Task details ->
Repeat exactly the lines below, from the line containing "Русификатор для Keebles" through the last line, both included. Leave out any pictures.

# # # #

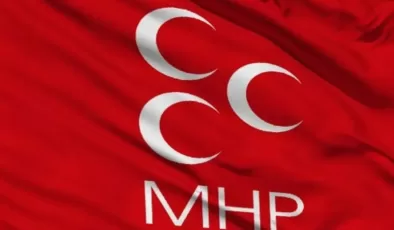 MHP, 55 belediye başkan adayını açıkladı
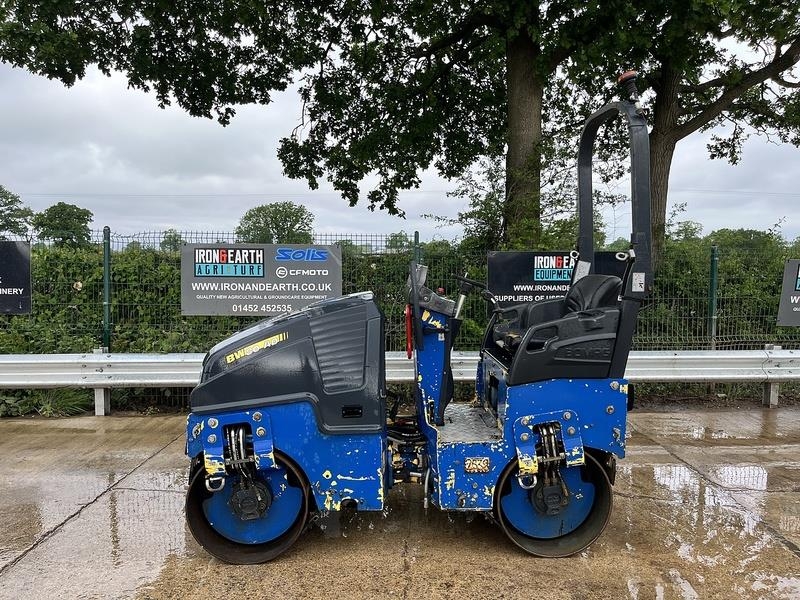 Bomag BW80 AD-5 Roller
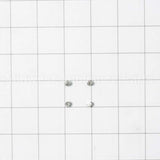 814381 Whirlpool Pin-Door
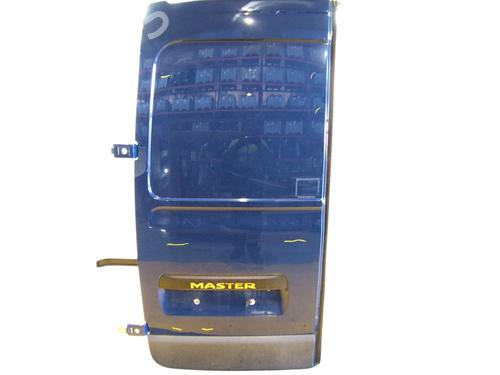 Used Left tailgate RENAULT MASTER III Van (FV) [2010-2025]  30831190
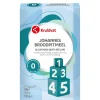 Kruidvat 0+M Johannesbroodpitmeel< Zuigelingenmelk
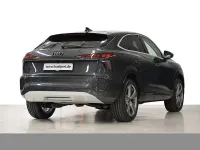 Neu Audi Q3 Sportback Sport 150 PS (110 kW) 2026 Tamboragrau metallic SUV
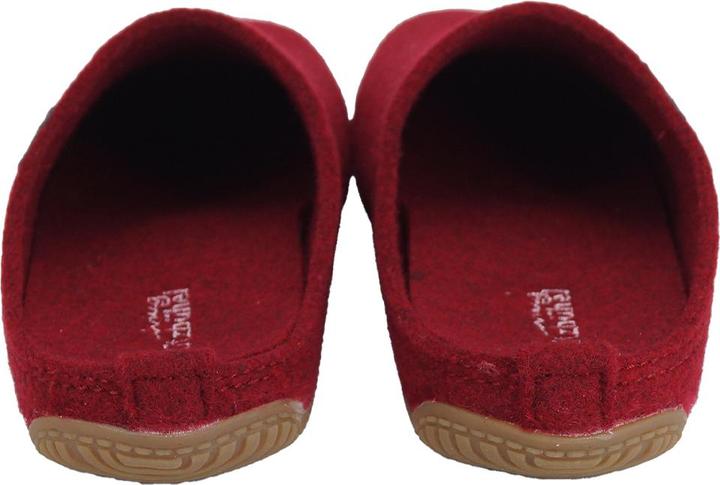Image du produit Living Kitzbühel Chaussons en feutre Croix suisse No. 3886 (36)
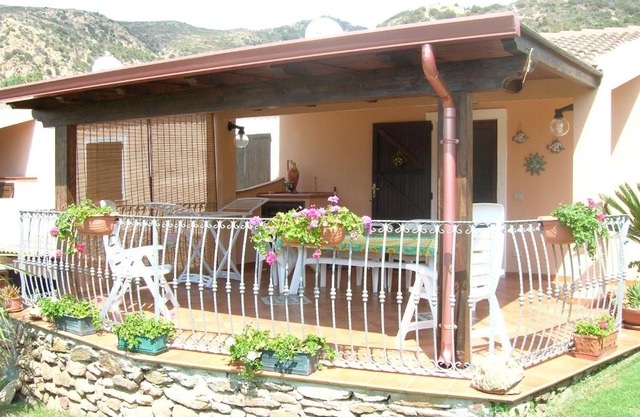 Casa dei Fiori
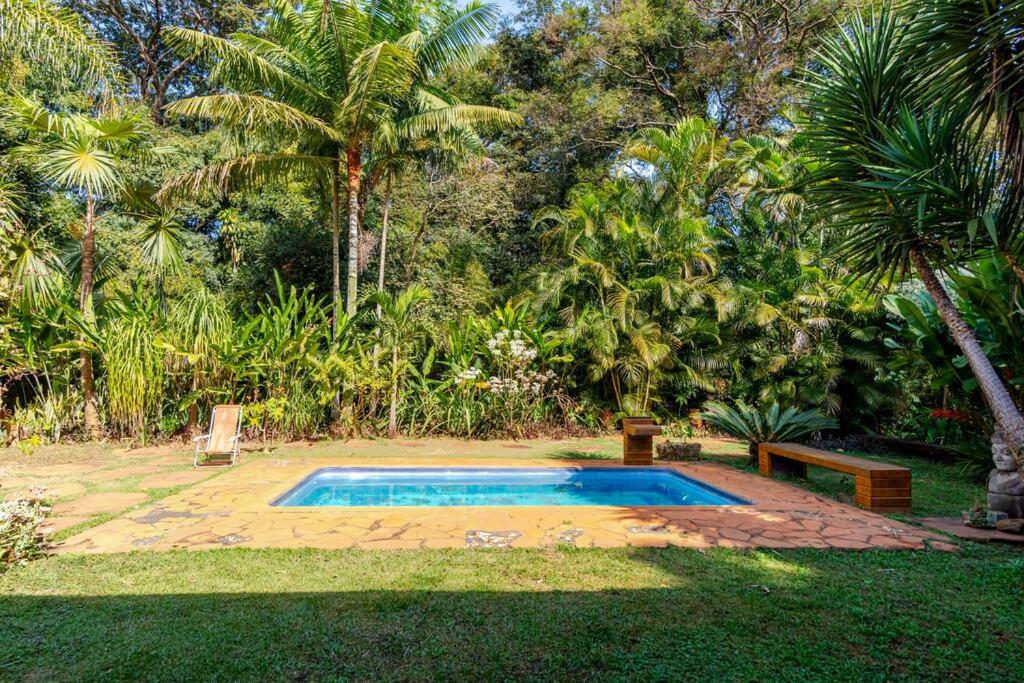 Casa Quereres - autenticidade e afeto
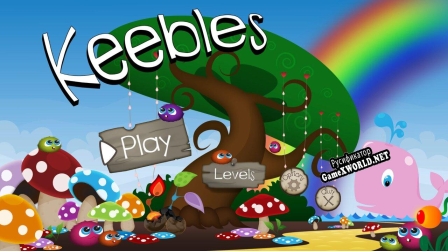 Русификатор для Keebles
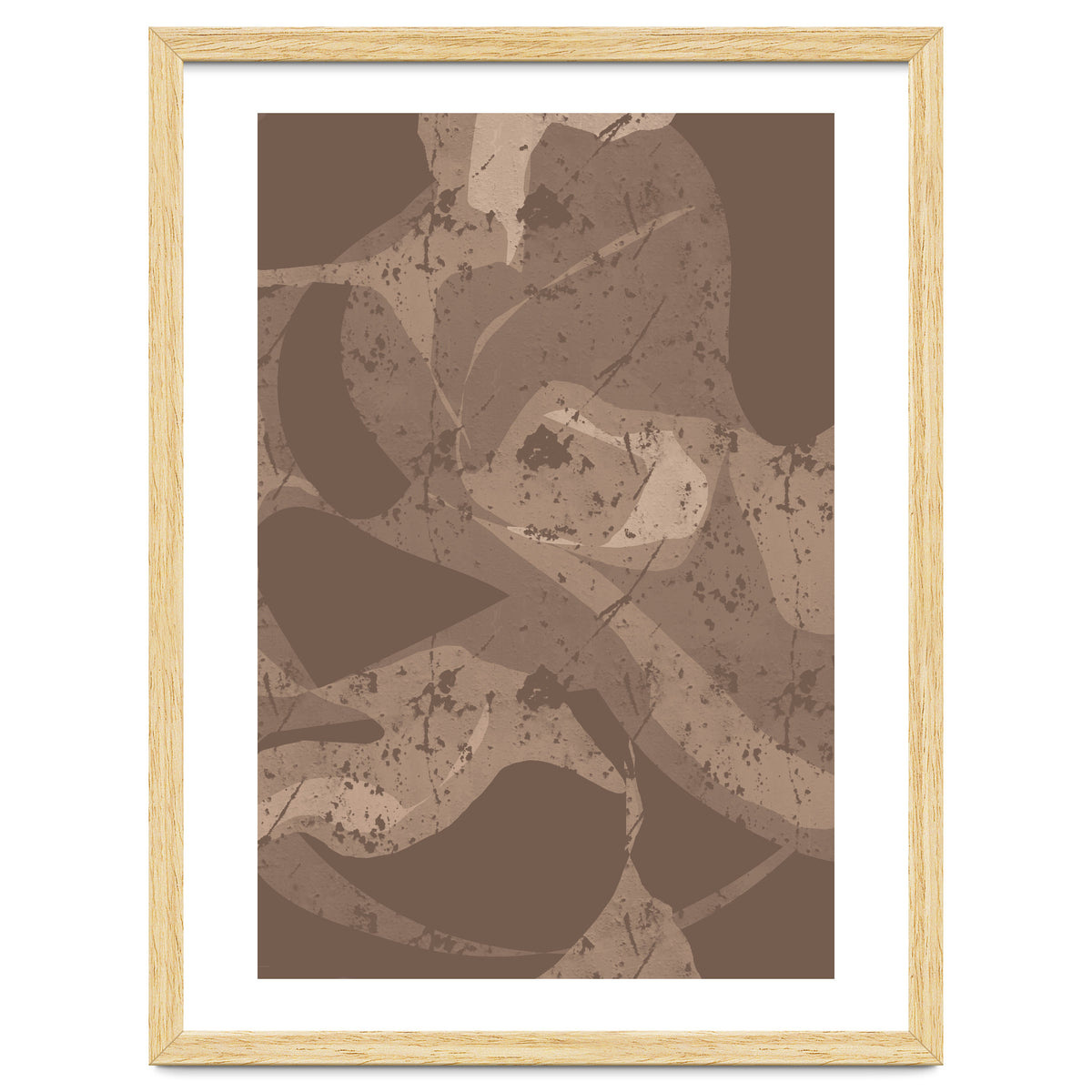 Shadow of Scratches 3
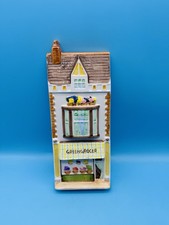 Vintage hand painted for sale  SUDBURY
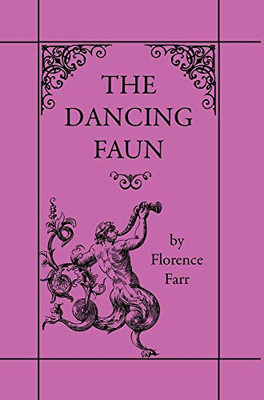 The Dancing Faun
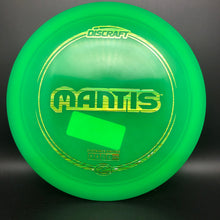 Load image into Gallery viewer, Discraft Z Mantis 173-174 stock
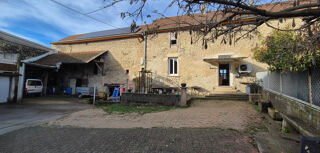  Maison � vendre 14 pi�ces 350 m�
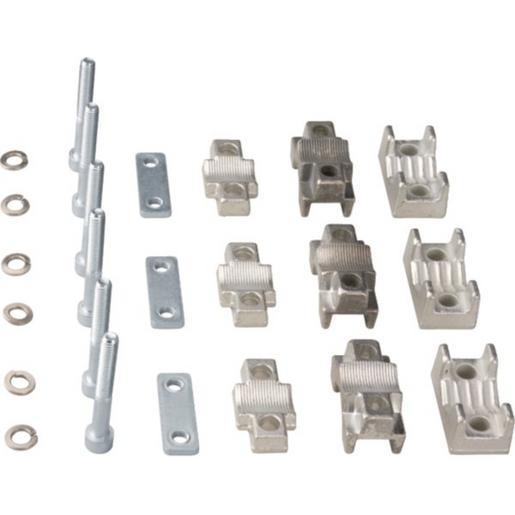 LZ154 Prismenklemmensatz LT NH1 2x35-70mm²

# # # #

Solution to this exercise ->
 Русификатор для Keebles
 Shadow of Scratches 3
 Vintage hand painted for sale  SUDBURY
 The Dancing Faun
 Load image into Gallery viewer, Discraft Z Mantis 173-174 stock
  Maison � vendre 14 pi�ces 350 m�
 LZ154 Prismenklemmensatz LT NH1 2x35-70mm²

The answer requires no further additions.